100 years on, quantum mechanics is redefining reality—with us at the cente

sciencehabit writes: Standing in a garden on the remote German island of Helgoland one day in June, two theoretical physicists quibble over who—or what—constructs reality. Carlo Rovelli, based at Aix-Marseille University, insists he is real with respect to a stone on the ground. He may cast a shadow on the stone, for instance, projecting his existence onto their relationship. Chris Fuchs of the University of Massachusetts Boston retorts that it’s preposterous to imagine the stone possessing any worldview, seeing as it is a stone. Although allied in their belief that reality is subjective rather than absolute, they both leave the impromptu debate unsatisfied, disagreeing about whether they agree.
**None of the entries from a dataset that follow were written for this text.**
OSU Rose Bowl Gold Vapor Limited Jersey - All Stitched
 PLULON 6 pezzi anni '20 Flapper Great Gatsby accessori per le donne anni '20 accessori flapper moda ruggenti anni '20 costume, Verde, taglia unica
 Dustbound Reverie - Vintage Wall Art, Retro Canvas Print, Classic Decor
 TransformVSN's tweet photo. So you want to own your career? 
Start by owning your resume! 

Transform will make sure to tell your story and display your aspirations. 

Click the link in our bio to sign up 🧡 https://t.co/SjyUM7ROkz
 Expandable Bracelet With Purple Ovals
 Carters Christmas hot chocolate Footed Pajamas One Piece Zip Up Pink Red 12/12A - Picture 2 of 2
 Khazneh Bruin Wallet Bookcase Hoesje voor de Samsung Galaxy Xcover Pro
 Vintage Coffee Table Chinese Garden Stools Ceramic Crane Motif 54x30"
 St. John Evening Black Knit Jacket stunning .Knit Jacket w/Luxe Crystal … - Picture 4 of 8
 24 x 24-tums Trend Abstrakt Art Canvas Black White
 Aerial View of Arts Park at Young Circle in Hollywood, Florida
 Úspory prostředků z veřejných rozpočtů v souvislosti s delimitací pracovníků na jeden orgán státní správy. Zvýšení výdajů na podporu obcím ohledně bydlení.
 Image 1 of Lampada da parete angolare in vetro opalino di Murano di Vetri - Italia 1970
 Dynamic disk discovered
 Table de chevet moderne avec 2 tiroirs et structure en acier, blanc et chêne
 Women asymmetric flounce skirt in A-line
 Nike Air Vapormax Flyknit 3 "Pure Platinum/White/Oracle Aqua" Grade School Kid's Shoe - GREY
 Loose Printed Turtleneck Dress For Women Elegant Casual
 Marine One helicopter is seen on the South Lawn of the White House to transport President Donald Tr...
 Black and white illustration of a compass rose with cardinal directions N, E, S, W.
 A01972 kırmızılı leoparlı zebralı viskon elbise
Such is the state of theoretical quantum mechanics, scientists’ deepest description of the atomic world. The theory was developed 100 years ago on Helgoland, where a 23-year-old Werner Heisenberg retreated to escape a bout of hay fever—and to reimagine what an atom looks like. The leading picture at the time featured electrons hopping in discrete, or quantized, leaps of energy between fixed orbits around the nucleus. It explained the behavior of hydrogen but failed for bigger atoms. On blustery walks and cold swims in the North Sea, Heisenberg abandoned the simplistic orbital picture, instead developing a new mathematical language that would work for any atom. Later in 1925, Erwin Schrödinger conjured up a complementary lens—his eponymous wave equation—which describes the positions of electrons in probabilistic terms.

Within a few years, their calculations would reveal a disturbingly fuzzy picture of reality, one in which certain properties are inherently unknowable and others take on different values depending on how they’re measured. “What we observe is not nature itself, but nature exposed to our method of questioning,” Heisenberg wrote after winning the 1932 Nobel Prize in Physics.

This year, hundreds of physicists convened on Helgoland to commemorate the birth of quantum mechanics. It has certainly earned its keep over the past century, not only by predicting experimental outcomes with immaculate precision, but also by enabling technologies such as lasers, transistors, and atomic clocks. Yet even today, scientists struggle to interpret what the theory implies about nature. Central to the confusion is how the act of measurement pins down the indeterminate behavior of atoms. The standard framing has an unsettling anthropocentric flavor, suggesting humans play some special role in shaping the universe. Now, bolstered by a string of recent experiments, theorists such as Fuchs and Rovelli are leaning into the discomfort, emphasizing how observers do indeed create the world they inhabit. What’s at stake is nothing less than reality itself.

“We don’t need to fix quantum mechanics to make it compatible with what we observe; we need to recognize that there are alternative ways of looking at the world,” says Alyssa Ney, a philosopher of physics at the Ludwig Maximilian University of Munich. Quantum theory compels physicists to “make room for different notions of what it means to be real.”